Because of its unique combination of flavors, tarragon can elevate many of your dishes.
Since it is a less common herb, tarragon may not be a typical kitchen staple.
What if tarragon is called for in your recipe, but you don’t have any? Not to fret.
There are several other herbs that can take the place of tarragon in your recipe.
Before we look at some of the best substitutes for tarragon, we need to have a good understanding of what tarragon tastes like and some recipes it is commonly used in.
What is Tarragon?
Tarragon, also known as Estragon, is a green leafy herb that is common in French cuisine. It is also used in other Mediterranean and European dishes.
In France, tarragon is referred to as “the king of herbs” due to its ability to improve the flavor of dishes it is used in.
With tough woody stems and thin glossy leaves, tarragon is a perennial herb that belongs in the sunflower family. It has tiny green or yellow-white flowers.
Tarragon has a unique taste. It has both a bitterness and a sweetness that is reminiscent of licorice, vanilla, and mint.
It has a slight resemblance to fennel and anise, but is more intense. The warmness and coolness somehow balance each other out.
This distinct combination makes tarragon a great choice for improving the flavor of your dishes.
There are several varieties of tarragon, including French tarragon, Spanish or Mexican tarragon, and Russian tarragon. Each has a slightly different flavor.
Mexican tarragon is slightly richer than French tarragon but is very similar. Russian tarragon is commonly used to flavor drinks because of its intensely bitter taste. French tarragon is the most well known and widely used variety.
Tarragon can be found in the spice section of most grocery stores and online retailers. Fresh tarragon may be carried in the produce section but is not as easily found. During the spring and early summer, you might find fresh tarragon at local farmers' markets.
You can also keep a fresh supply of tarragon always on hand by growing your own.
Fresh Tarragon vs Dried Tarragon
When possible, using fresh tarragon is preferable because it has the strongest flavor.
If using fresh tarragon, rinse and pat the leaves dry and remove them from the stems. The leaves bruise easily, so take care when chopping them. The leaves can also be used whole.
Add fresh tarragon near the end of the cooking process or use them raw. Cooking tarragon too long causes it to become bitter.
Dried tarragon can be added earlier in recipes but it has a weaker overall flavor.
When using dried tarragon, use ½ to 1 teaspoon for each tablespoon of fresh tarragon.

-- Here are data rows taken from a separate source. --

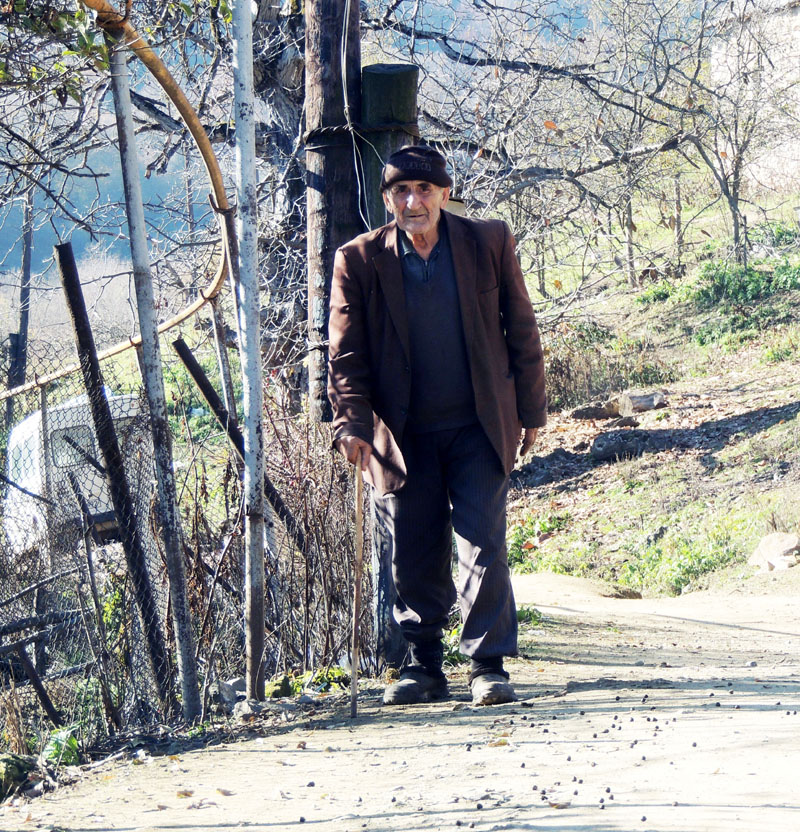 Первым, кого мы встретили, был дедушка Арам, ранее долгое время работавший директором школы. Первым, кого мы встретили, был дедушка Арам, ранее долгое время работавший директором школы.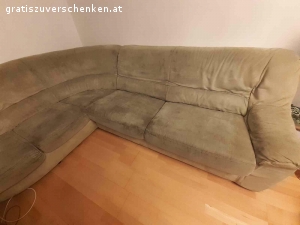Leicht abholbare, sehr bequeme pastellgrüne Couch. Sehr bequeme Eckcouch / Wohnlandschaft in pastell/ lindgrün.
Das Material ist angenehm warm und resistent.
Es gibt ein paar Flecken, die mit gründlicher Reinigung weggehen müssten, ansonsten kann man die Couch abdecken.

Die Couch kann man in 2 Teile zerlegen. Sie befindet sich im Erdgeschoss mit Parkmöglichkeit, so dass nur ein Tragen von 10 Metern notwendig ist.

Tierfreier Nichtraucherhaushalt.

Abholung ist im 21. Bezirk, Nordrandsiedlung (nahe U1 Station Leopoldau)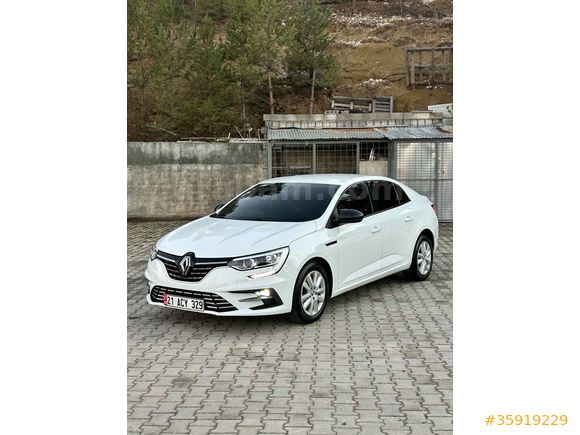 Renault Megane 1.3 TCe Joy Plus 2022 Model Servis Bakımlı 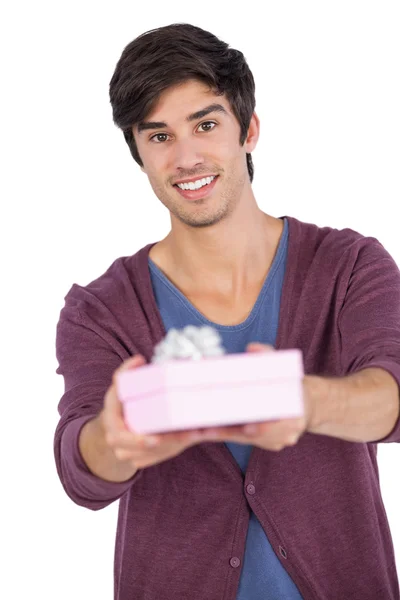 Молодой человек предлагает подарок — стоковое фото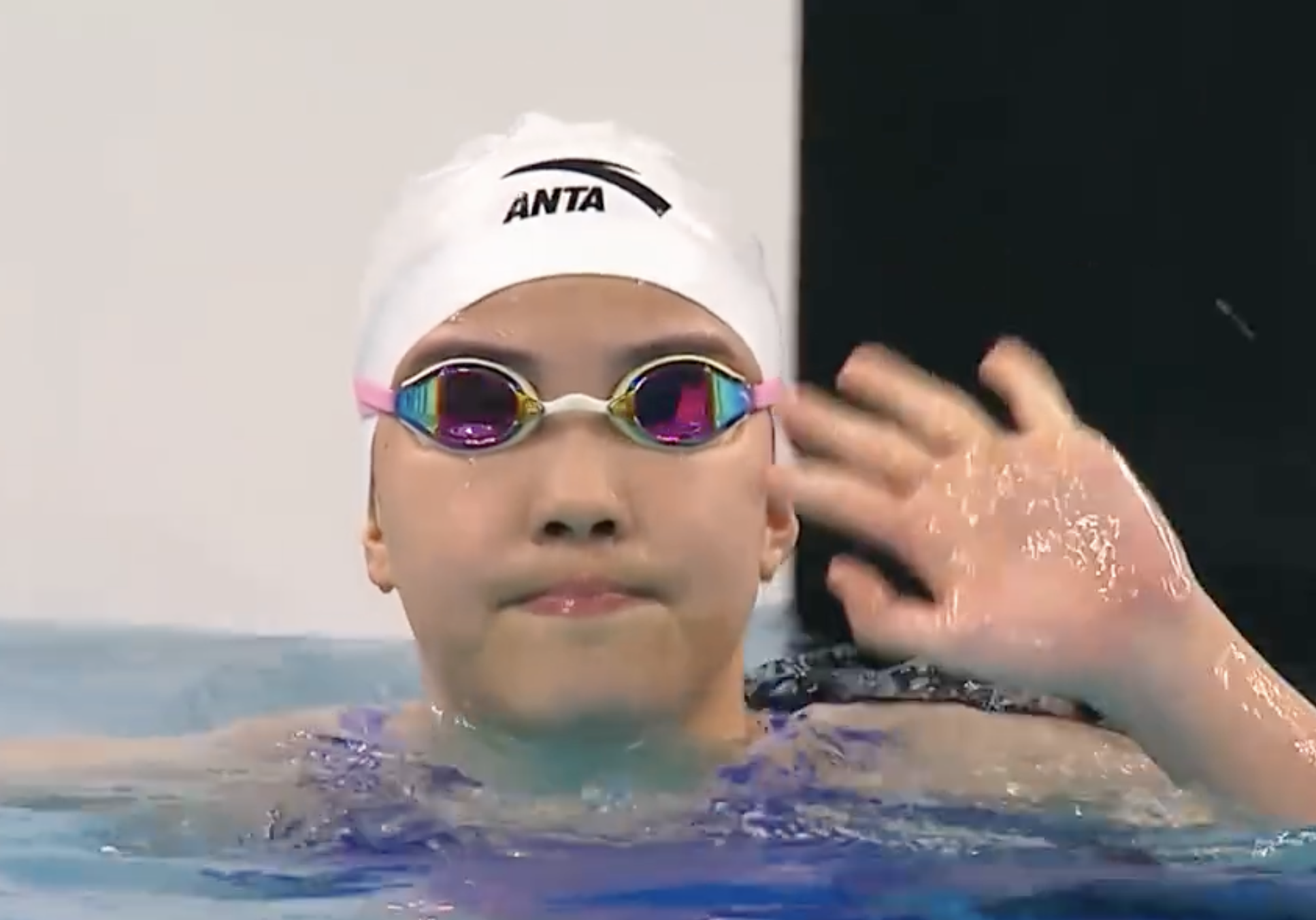 全锦赛女子200蝶：于子迪2:03:97夺金，收获个人本届第二金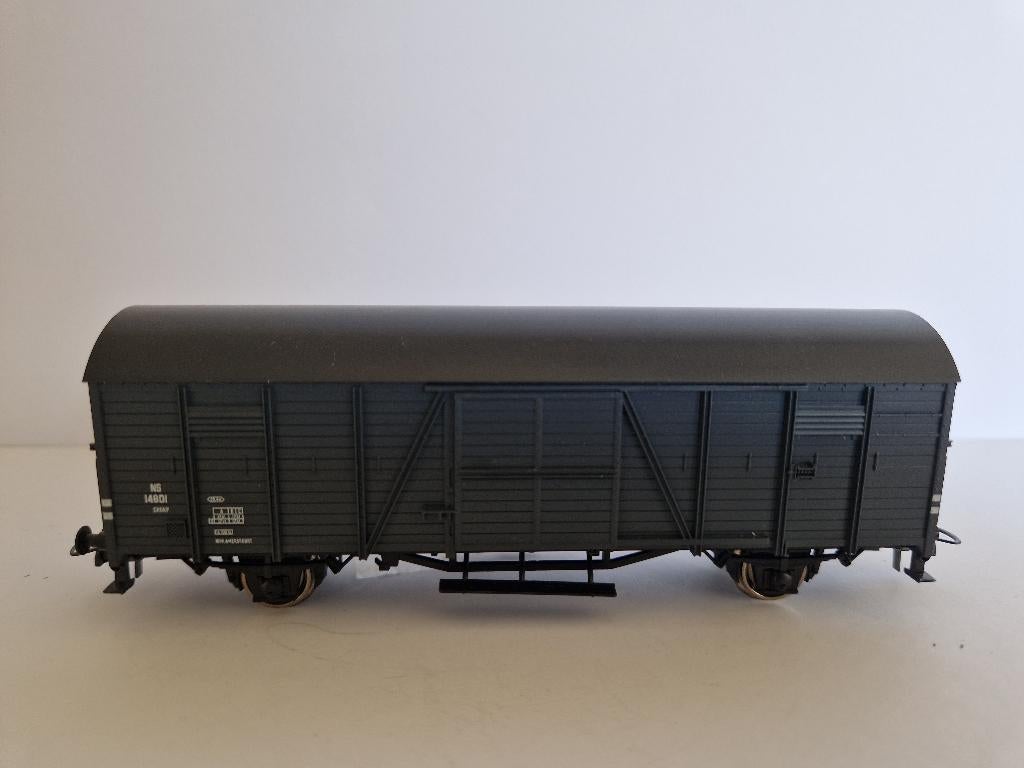 Te koop:  Roco 46652 - gesloten goederen wagon, Gelijkstroom, Wagon, Ophalen of Verzenden, Zo goed als nieuw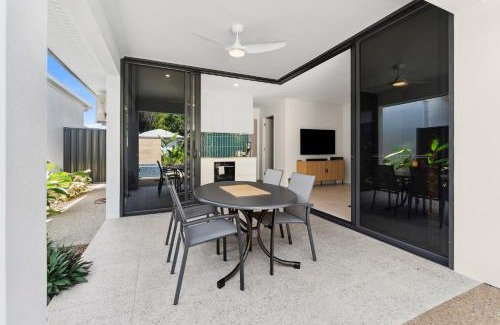Palm Cove House | Twin Palms 2 bedroom in Palm Cove, large spa, modern, new built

You can dry fresh tarragon at home in a dehydrator or slowly in a low warm oven. Be sure to store dried tarragon promptly in airtight containers because the leaves lose their flavor if left to dry too long.
Uses for Tarragon
Along with parsley, chervil, and chives, tarragon is one of the herbs included in the French mixture of herbs called fines herbes.
Tarragon can be used in sauces and salad dressings, and added to potato salads. It is best known for its use in béarnaise sauce.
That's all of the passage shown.